Expanded farm market expected to open Spring of 2013

The current Farm Market offers a variety of produce from Fresno State. The new location will be just south of the current building. Ezra Romero / The Collegian

The current Farm Market offers a variety of produce from Fresno State. The new location will be just south of the current building.
Ezra Romero / The Collegian

Fans of Fresno State’s agricultural products have something to look forward to early next year—the completion of a new, larger location for the Rue and Gwen Gibson Farm Market.

The market was created in 1984 as an outdoor stand to sell produce grown by Fresno State students and has since moved indoors to expand into other university ventures such as dairy, meat, and flowers.

Because of that expansion, officials say the current building, which was built in 1955 and located on university-owned land at the corner of Barstow and Chestnut avenues has become outdated.

“The existing market is too small and the building is very old,” said Deborah Adishian-Astone, the executive director of the Agricultural Foundation, an auxiliary organization that operates the market.

The new location, which is planned to be approximately 4,000 square feet in size, will nearly double the current market’s available floor space. It will be located just south of the current building.

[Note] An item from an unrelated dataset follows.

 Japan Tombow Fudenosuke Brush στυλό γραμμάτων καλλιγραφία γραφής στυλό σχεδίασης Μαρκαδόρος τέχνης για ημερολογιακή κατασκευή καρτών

According to the project description filed with the university, new features will include: freezers, coolers, an ice cream counter, a wine cellar and tasting area, floral shop, a fresh meat and deli counter and multiple displays for a wide variety of products grown and processed by students of the Jordan College of Agricultural Sciences and Technology.

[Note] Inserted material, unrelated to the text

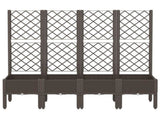 Garden Planter with Trellis Brown 160x40x142 cm PP 367935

“The Jordan College is planning for new value-added products to be available,” Adishian-Astone said. “We may also supplement with some Fresno State apparel.”

An example of a value-added product is the popular Bulldog Bark candy bar, which incorporates an ingredient Fresno State does not make, chocolate, along with Fresno State-grown raisins and nuts to craft a complete treat.

Other than these value-added products, every item sold at the market is and will remain Fresno State exclusive, said Adashian-Astone.

With the larger building, new features and more products, Adishian-Astone said that sales from the new location are projected to increase by $70,000 in five to six months. Sales in 2011 to 2012 exceeded $1.3 million.

“We are being conservative in our sales projections until we have a better understanding of traffic patterns and seasonal availability of products,” Adishian-Astone said.

Excess revenue, including the projected increase, goes back to students in the form of reinvestment.

“All surplus revenue generated from the Agricultural Foundation units is reinvested back into facilities and equipment in order to provide our students with a hands-on experience in conjunction with their academic classes,” Adishian-Astone said.

Construction of the new location was made possible thanks to a $1.5 million donation from the estate of Joyce Mae Gibson, a notable local attorney. The market was renamed in honor of her parents following the donation in 2008.

Mark Wilson Construction, Inc. began grading the land where the building will be located on Aug. 20. Adashian-Astone said actual construction of the building itself will be swift.

“They’re fabricating all the metal and other parts off-site,” Adashian-Astone said. “So actually transporting and putting up those pieces here will go very quick.”

The current market will remain open until the new location is completed and then be used for overflow cold storage and as housing center for irrigation technologies.

Fourteen employees work for the store and only one, Jennifer Sobieralski, is not a current student of Fresno State. Depending on how well the new store fares, more help may be needed.

Sobieralski, the market’s full-time manager and graduate of the Craig School of Business at Fresno State, said that the market prefers to hire agriculture students but exceptions can be made.

“We typically hire before the summer season and each semester as needed,”Sobieralski said.

Sobieralski said that students are limited to 20 hours a week while enrolled in classes.

“During the summer,” Sobieralski said, “students who are not enrolled in summer school can work 40 hours. This works out nicely for our store.”